DATASET EXCERPTS:
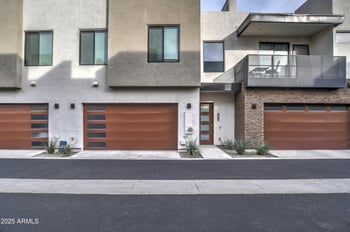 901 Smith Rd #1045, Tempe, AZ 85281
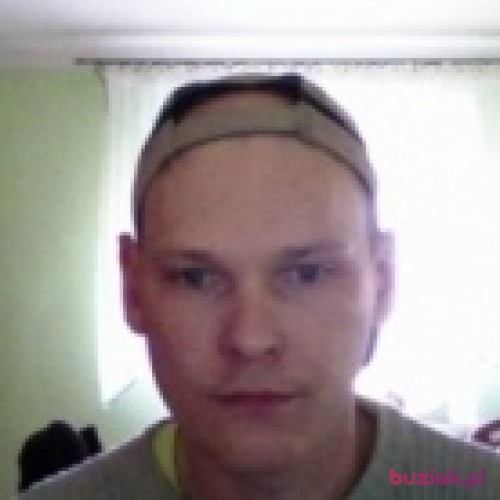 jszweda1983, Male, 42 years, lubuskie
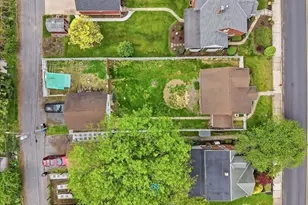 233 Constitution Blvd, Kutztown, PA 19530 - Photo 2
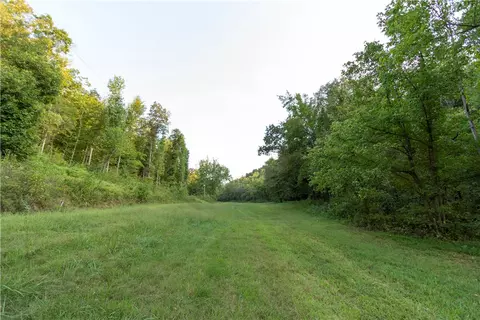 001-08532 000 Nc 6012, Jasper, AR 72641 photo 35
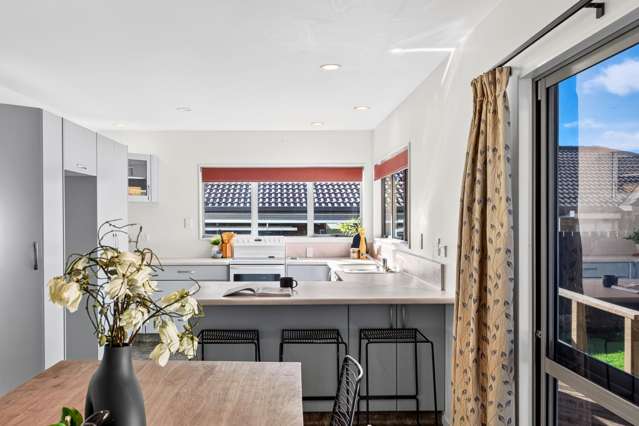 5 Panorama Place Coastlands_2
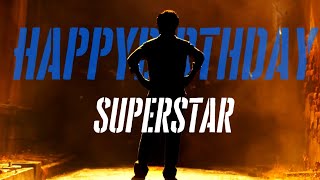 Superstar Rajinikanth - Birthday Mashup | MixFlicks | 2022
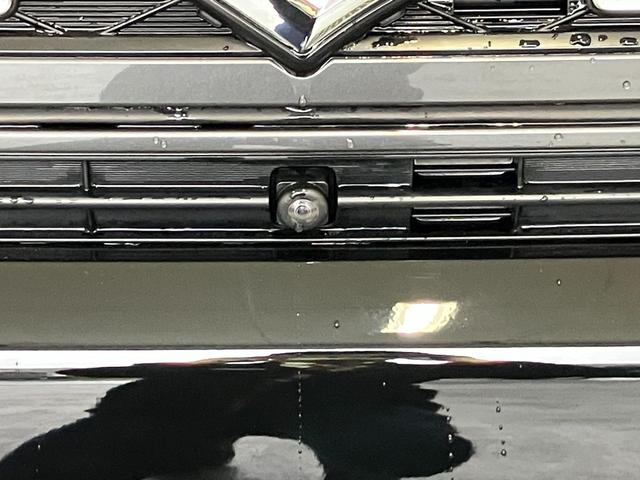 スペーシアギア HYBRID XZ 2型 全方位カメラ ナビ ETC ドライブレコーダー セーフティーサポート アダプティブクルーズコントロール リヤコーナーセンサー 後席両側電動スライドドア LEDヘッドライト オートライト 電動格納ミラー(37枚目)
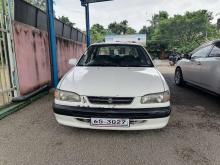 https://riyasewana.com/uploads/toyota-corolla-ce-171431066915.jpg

ASSIGNMENT:
Everything from the line with "Superstar Rajinikanth - Birthday" through the end of the records is to be repeated exactly. The pictures are not.

TASK OUTPUT:
 Superstar Rajinikanth - Birthday Mashup | MixFlicks | 2022
 スペーシアギア HYBRID XZ 2型 全方位カメラ ナビ ETC ドライブレコーダー セーフティーサポート アダプティブクルーズコントロール リヤコーナーセンサー 後席両側電動スライドドア LEDヘッドライト オートライト 電動格納ミラー(37枚目)
 https://riyasewana.com/uploads/toyota-corolla-ce-171431066915.jpg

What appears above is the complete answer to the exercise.